Intermediate representation in rule-based machine translation for the Uralic languages\footnotepubrights This work is licensed under a Creative Commons AttributionâNoDerivatives 4.0 International Licence. Licence details: \urlhttp://creativecommons.org/licenses/by-nd/4.0/. Original publication in proceedings of second IWCLUL held in Szeged 2016
Abstract
This paper presents some of the major obstacles and challenges in creating machine translation systems between Uralic languages where the intermediate representation is based on morphology and syntax. The Uralic languages are very alike in many ways: similar case inventories, word order and non-finite clause forms. However current rule-based grammatical resources take many different approaches to encoding this information. These approaches are sometimes based on legacy or traditional grammatical description, important for making the tools comfortable for linguists, but sometimes based on arbitrary and incompatible decisions. This paper presents an overview of some of the issues in working with existing tools and representations and provides some guidelines and suggestions to facilitate future work.
1 Introduction
Creating rule-based machine translation (RBMT) systems is a process where one creates a mapping between units of source language and target language. The units can be different depending on the approach to the problem, i.e., on scale of translating word-forms to word-forms to translating via an intermediate abstract universal language, or an interlingua. In this article we study the approach of using just morphological analysis with the Uralic languages. The problem of such a system is that, even when morphologies of the closely related Uralic languages are expected to match, there are often engineering issues that make the work more tedious and cumbersome than necessary. Minimising the amount of simple engineering work is vital for making rule-based machine attractive to linguists and programmers alike.

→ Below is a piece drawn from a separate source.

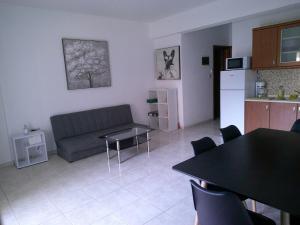 Kuchyň nebo kuchyňský kout v ubytování Konstantinos Apartmend Chalkidiki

The rest of the article is structured as follows: first we describe the backgrounds of the problem in 2, then we introduce the resources we are going to use in 3, we suggest some common best practices in 6, in 7 we briefly describe universal parts-of-speech and morphological features, and finally in 8 we provide some short concluding remarks.
2 Background
RBMT is a popular way of developing high-quality machine translations between related languages [1]. The building of an RBMT system rapidly for related languages is possible, as has been done with, e.g. Dutch and Afrikaans [5]. A wide-coverage machine translation requires wide-coverage lexical resources for the languages. Developing an analyser to a stage where it is usable by multiple applications, including RBMT, can take years, so it is often a good idea to use readily available resources instead of re-writing a new analyser from the scratch. However, the majority of existing analysers are made with language-dependent annotation systems, which unnecessarily complicate the description of machine translation. It should be clear, that if two related languages use the same morphological and syntactic structures to describe a phenomenon, a rule mapping between the two should be entirely trivial. This is not the case when taking most off-the-shelf analysers for contemporary Uralic morphologies. Table 1 shows an example of the morphological annotation of five Uralic languages for a simple five-word sentence.

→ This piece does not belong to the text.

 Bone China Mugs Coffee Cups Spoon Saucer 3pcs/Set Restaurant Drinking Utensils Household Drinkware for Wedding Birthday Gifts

2.1 Intermediate representations
In machine translation, an intermediate representation is an abstraction away from the surface forms of the language. Figure 1 shows the Vauquois triangle, a common illustration of different levels of intermediate representation.
At the bottom of the triangle, there is no intermediate representation and translation is performed on a word-for-word basis. At the apex of the triangle is interlingual translation, where the source language is first mapped to a language-independent semantic representation, and this representation is then used to generate the target language.

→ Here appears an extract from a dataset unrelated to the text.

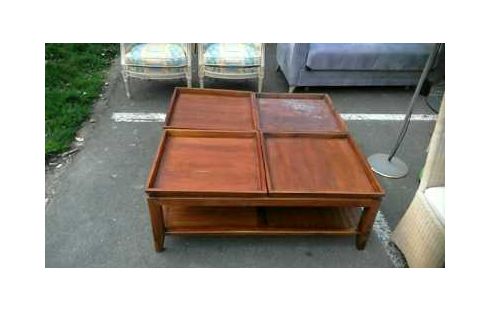 TABLE BASSE 4 PLATEAUX STYLE COLONIAL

In the middle is (morpho-)syntactic transfer. Here the source language is analysed to a language-dependent intermediate representation (usually based on a combination of syntactic structure and morphosyntactic features) and then transfer rules are applied to convert the source language intermediate representation to one compatible with the target-language generation component.
3 Resources
In this paper we make use of five sets of linguistic data for five different Uralic languages: Finnish, North Sámi, Erzya, Estonian and Hungarian. We take the North Sámi and Erzya data from the Giellatekno language technology repository.11\urlhttp://giellatekno.uit.no The North Sámi data has primarily been developed by the Divvun and Giellatekno groups at UiT Norgga árktalaš universitehta and the Erzya data has been developed by Jack Rueter at Helsingin yliopisto [9]. For the Estonian data, we use the plamk analyser22\urlhttps://github.com/jjpp/plamk written by Jaak Pruulmann-Vengerfeldt, for Finnish, omorfi [6]33\urlhttps://github.com/flammie/omorfi and for Hungarian, hunmorph [10].44\urlhttp://mokk.bme.hu/resources/hunmorph/
4 Strategies
There a different ways to fix systematic mismatches. We evaluate the followings:
4.1 Relabelling
An obvious approach to getting around the problem of divergent tagsets is to simply perform relabelling. This is where you replace the canonical tags in one language with their equivalents in the other language, or with a common equivalent in both languages.
+CC <cnjcoo> +J+Coord |
However, this solution has its disadvantages. Even though +J and +CC both are used for conjuctions, the plamk tag is also used with subordinating and other conjunctions, while the Giellatekno tag excludes those. Relabelling +J+Coord to +CC and any other +J to +CS might work on the analyser, but will not work in a disambiguation rule saying “select the noun reading if the word to the right is tagged +J”, here we need to relabel +J to (+CS or +CC). In the opposite direction, +CS would need to be relabelled to (+J but not +Coord). The distinction between these may be irrelevant for the translation process (in all cases, ja in North Sámi will be translated to ja in Estonian), but for the intervening grammatical tools, it may be vital to make (or not) the distinction.
4.2 Interlingua
Another potential solution is to use a semantic interlingua (see description in section 2.1). This is the approach adopted by the machine translation system based on Grammatical Framework [8].55\urlhttp://grammaticalframework.org In this framework there is no direct transfer of morphological features.
5 Specific linguistic issues
There are a number of linguistic issues in RBMT. We cover the following in detail:
5.1 Copula
There are two main copula constructions in the Uralic languages, the first functions more or less like in the Germanic languages. The copula is a normal verb that agrees with the subject. The second copula construction works like in the Turkic languages. In languages with the Turkic-style copula, it does not typically surface in the third-person singular present tense. In our examples, North Sámi, Finnish and Estonian are of the Germanic type, while Hungarian and Erzya are of the Turkic type.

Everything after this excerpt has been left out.